La battaglia per l’insularità non darà alcuna risposta concreta se non sarà affiancata anche da una battaglia per la sovranità, con un nuovo statuto di cui la Sardegna ha assolutamente bisogno. Perché solo il concetto di sovranità offre una chiave di interpretazione corretta di ciò che sta avvenendo oggi in Sardegna e indica quale può essere la strada da seguire in futuro.
Puntando solo sull’insularità, centrodestra e centrosinistra continuano invece ad accettare la subalternità ad un modello ingiusto per definizione e accentuano i limiti della nostra autonomia che nacque peraltro col piede sbagliato.
Perché nel 1947 si affermò un autonomismo nettamente economicistico? Perché non si volle o non si poté prospettare un’autonomia speciale culturalmente motivata, non circoscritta alla arretratezza economica?
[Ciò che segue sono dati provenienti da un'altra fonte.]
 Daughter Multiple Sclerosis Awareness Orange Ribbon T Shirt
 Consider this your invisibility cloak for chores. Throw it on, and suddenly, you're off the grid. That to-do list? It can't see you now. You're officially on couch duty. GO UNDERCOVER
Queste domande se le poneva non un intellettuale dell’area indipendentista ma Maria Rosa Cardia, nel suo saggio dal titolo “L’opposizione al centralismo nella costruzione dell’Autonomia”, pubblicato nel volume “La Sardegna nel regime fascista” (a cura di Maria Luisa Plaisant, Cuec, 2000).
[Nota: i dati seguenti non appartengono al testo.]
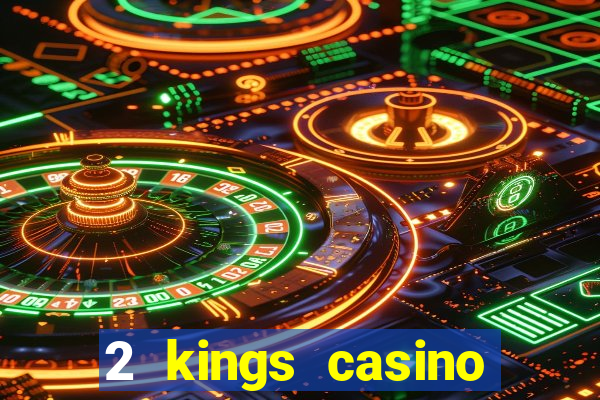 2 kings casino kings mountain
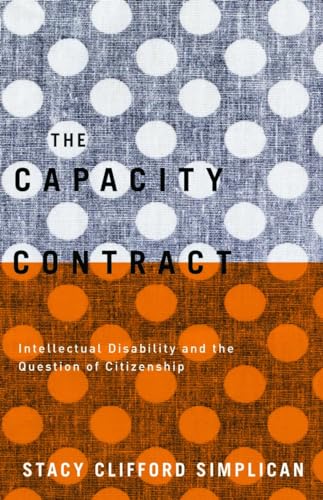 Stock image for The Capacity Contract: Intellectual Disability and the Question of Citizenship for sale by Midtown Scholar Bookstore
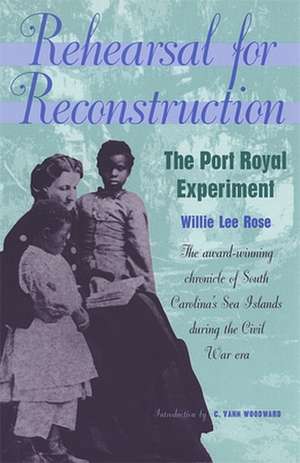 Rehearsal for Reconstruction de Willie L. Rose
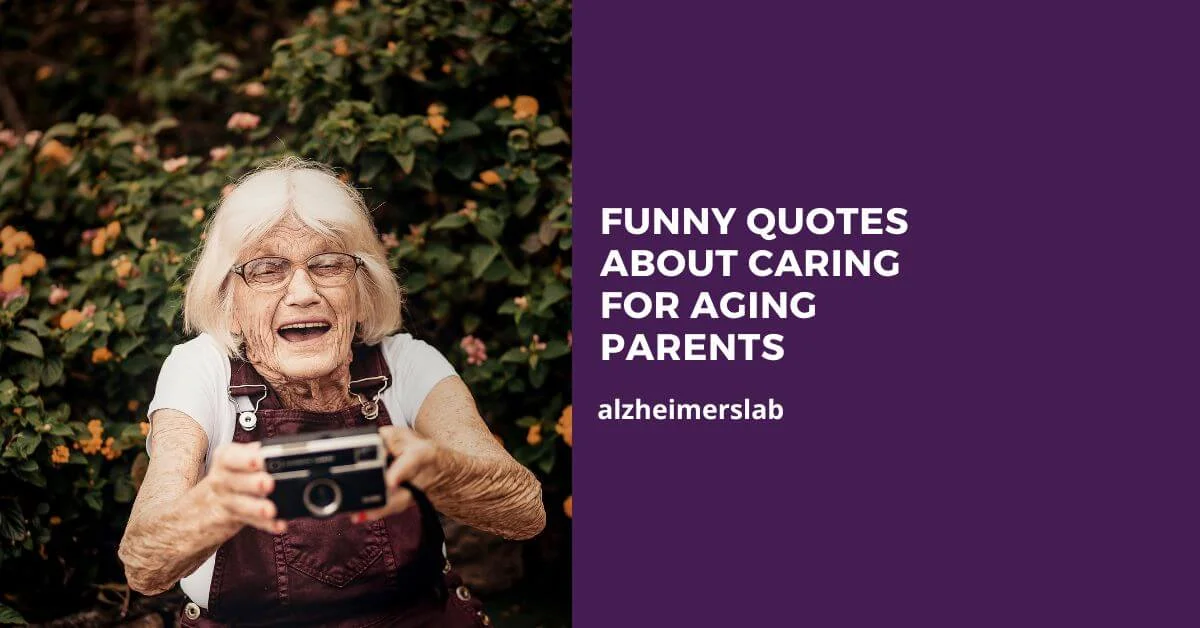 10 Funny Quotes About Caring for Aging Parents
“Lo statuto sardo non è imperniato sulla tutela e sullo sviluppo del proprio patrimonio di cultura, delle radici etno-storiche dell’autonomia, che pure furono alla base del riconoscimento della specialità nella carta costituzionale”, continua la Cardia.
Ecco, da qui la Sardegna dovrebbe ripartire: da un nuovo statuto che metta al centro la cultura specifica dei sardi.
Pigliaru invece punta sul riconoscimento tutto economico dell’insularità da parte di Unione Europea e stato italiano. Peccato però che per ogni emergenza che si affronta, ce n’è subito un’altra che se ne apre: lo schema di gioco che questa amministrazione regionale sta adottando è evidentemente sbagliato.
Ma se si continua a confondere la storia con la geografia il risultato non può che essere questo.
Splendido.Omai è uficiale :La Sardegna è Un’isola ! Proprio come la Corsica la quale però ha la fortuna di essere Francese.
Eh, prova a dirlo ai corsi che hanno la fortuna di essere francesi! 🙂
Mai sentito parlare di zona franca
Egregio Biolchini,
ma di cosa stiamo parlando ?
Il presidente Pigliaru si complimenta con il deputato Cicu per la ” la vittoria” ( sic ) ottenuta nella risoluzione che riconosce la nostra insularità. Caspità che passo avanti, una vera e propria rivoluzione ! Una votazione del parlamento Europeo, che notoriamente conta come il 2 di picche, rispetto alla commissione europea, che non cambia una virgola, rispetto al passato ed al futuro, sulla nostra condizione disagiata.